▶ _PROBLEM TO WORK ON_: When you reach the line with "6 pers. vakantiehuis" in the records below, begin transcribing exactly and continue up to and including the line with "Nicky Rothschild feet photo thumbnail", leaving out every picture.

▶ _RECORD EXTRACTS_:
────────────────
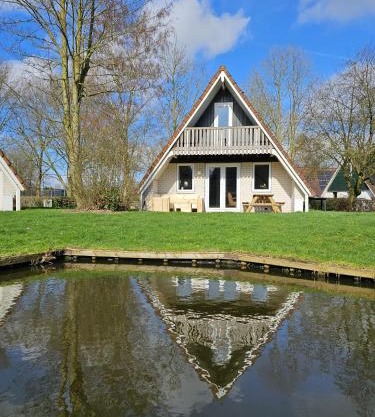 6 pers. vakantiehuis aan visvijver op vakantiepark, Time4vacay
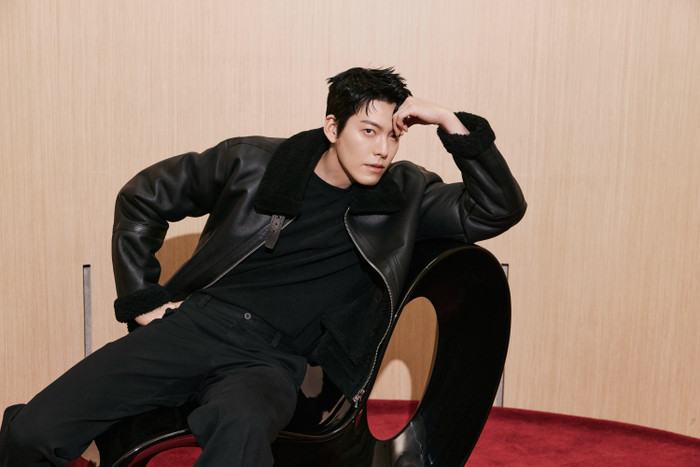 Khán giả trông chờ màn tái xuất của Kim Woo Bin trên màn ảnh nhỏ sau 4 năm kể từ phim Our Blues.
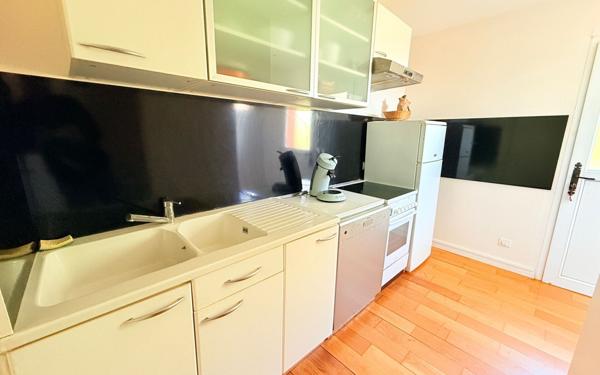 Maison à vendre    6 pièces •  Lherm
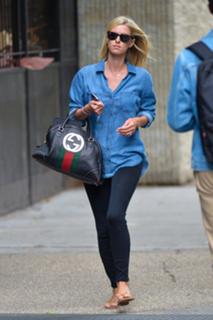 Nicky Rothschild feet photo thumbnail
────────────────
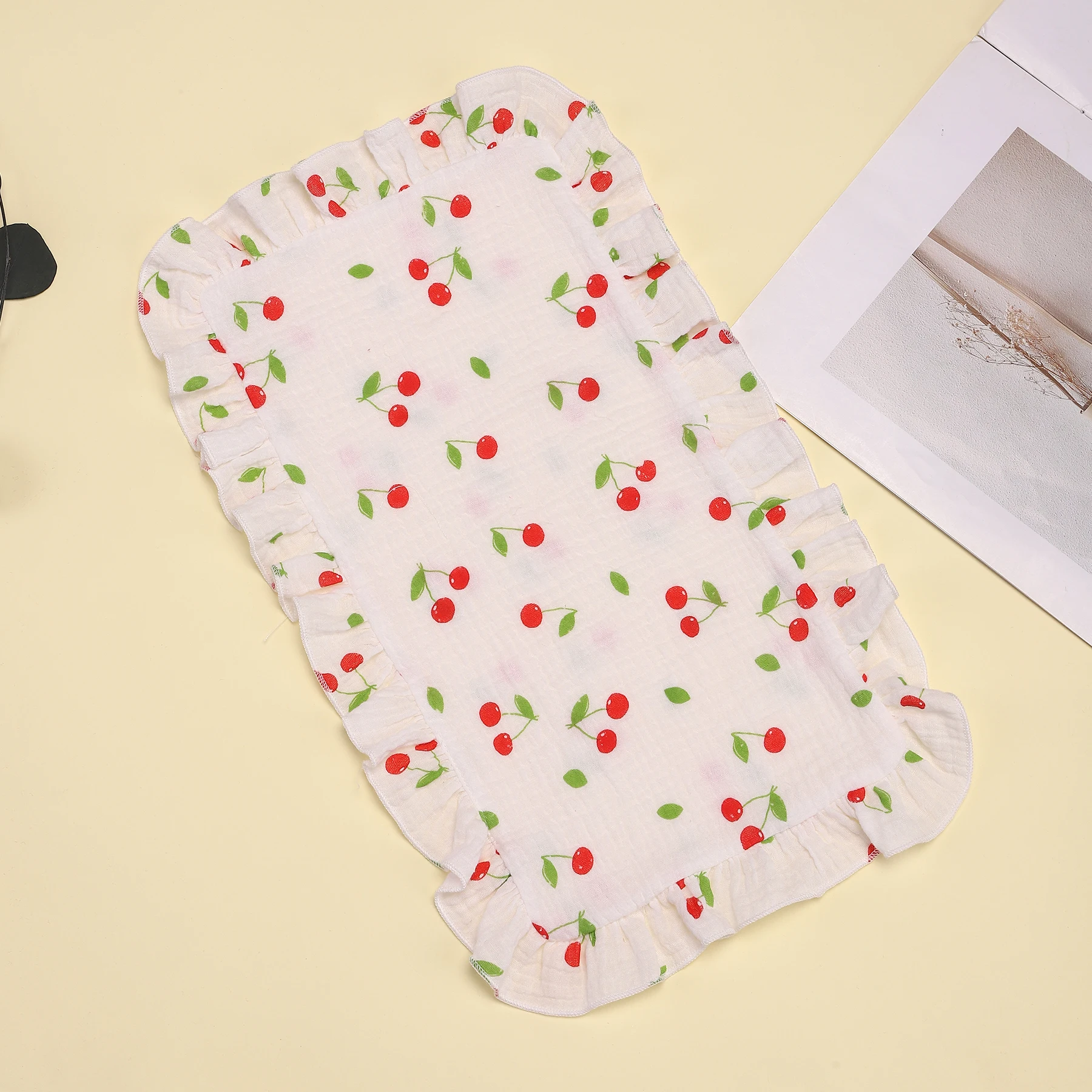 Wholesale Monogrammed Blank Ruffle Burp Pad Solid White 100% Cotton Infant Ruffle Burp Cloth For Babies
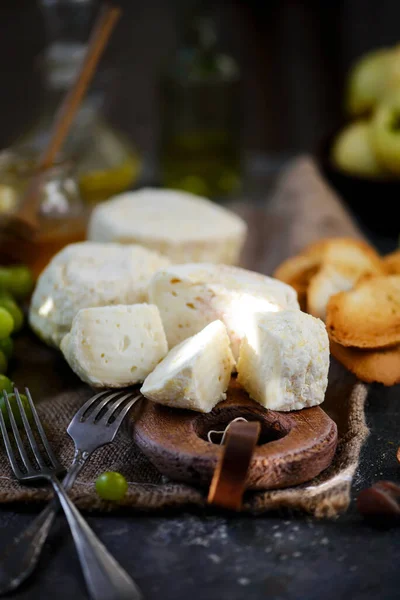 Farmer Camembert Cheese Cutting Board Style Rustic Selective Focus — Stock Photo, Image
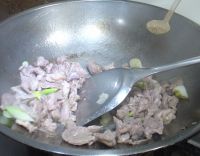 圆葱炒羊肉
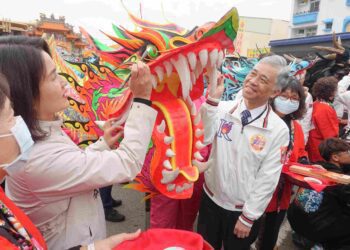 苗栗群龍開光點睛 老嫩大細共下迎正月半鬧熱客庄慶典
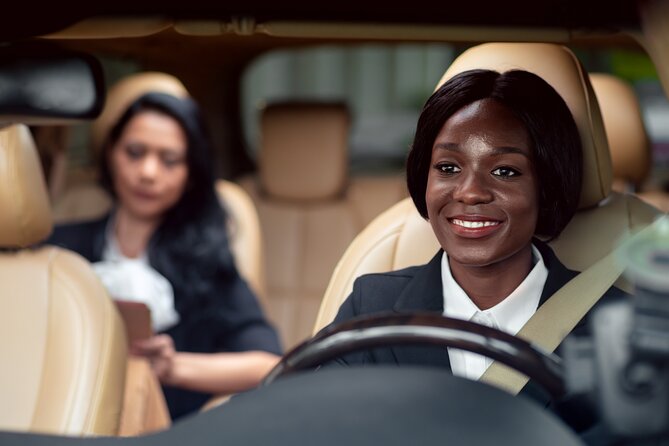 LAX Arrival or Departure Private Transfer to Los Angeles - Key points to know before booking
────────────────
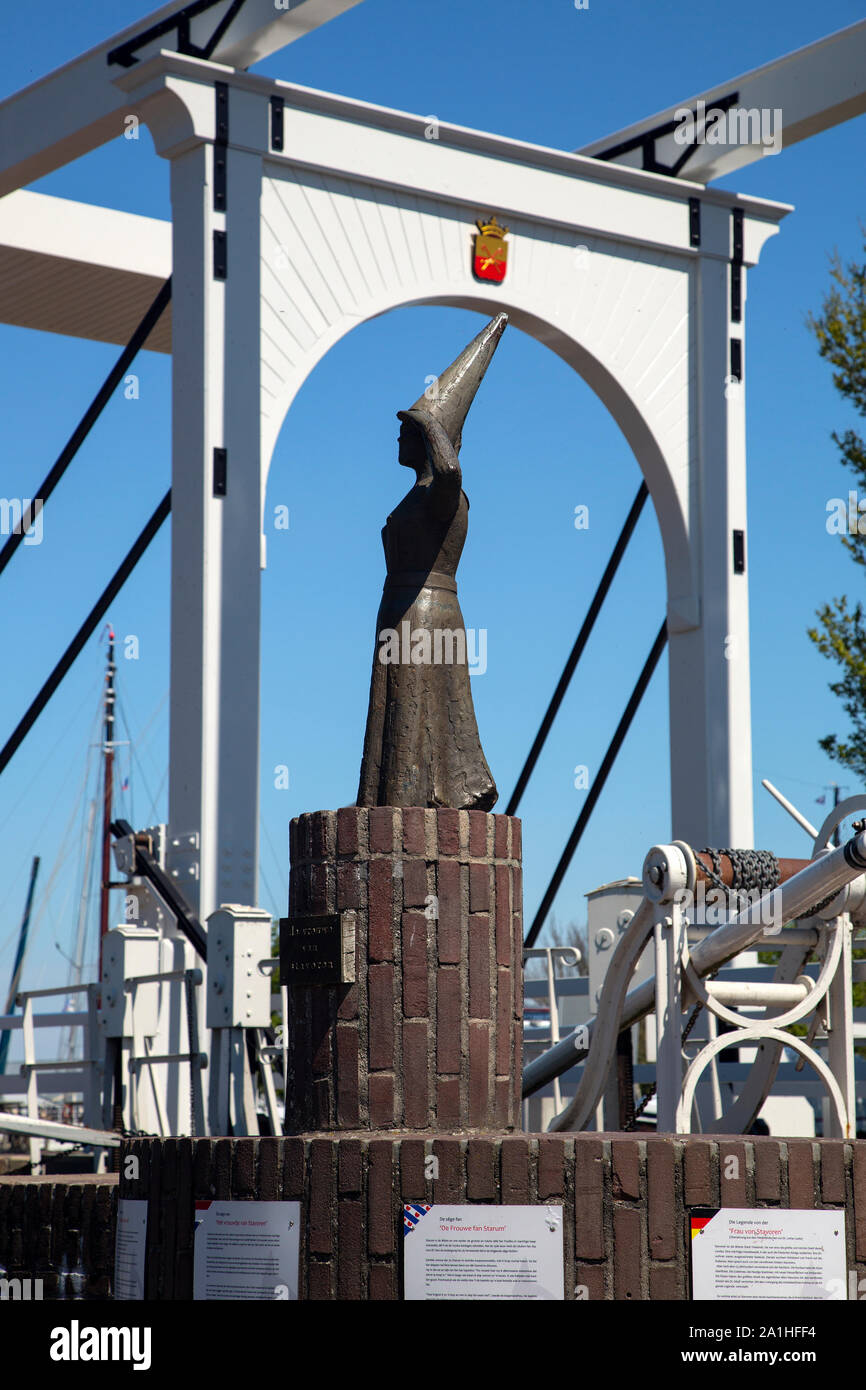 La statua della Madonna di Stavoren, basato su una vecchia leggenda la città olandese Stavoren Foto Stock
────────────────
▶ _OUTPUT_:
 6 pers. vakantiehuis aan visvijver op vakantiepark, Time4vacay
 Khán giả trông chờ màn tái xuất của Kim Woo Bin trên màn ảnh nhỏ sau 4 năm kể từ phim Our Blues.
 Maison à vendre    6 pièces •  Lherm
 Nicky Rothschild feet photo thumbnail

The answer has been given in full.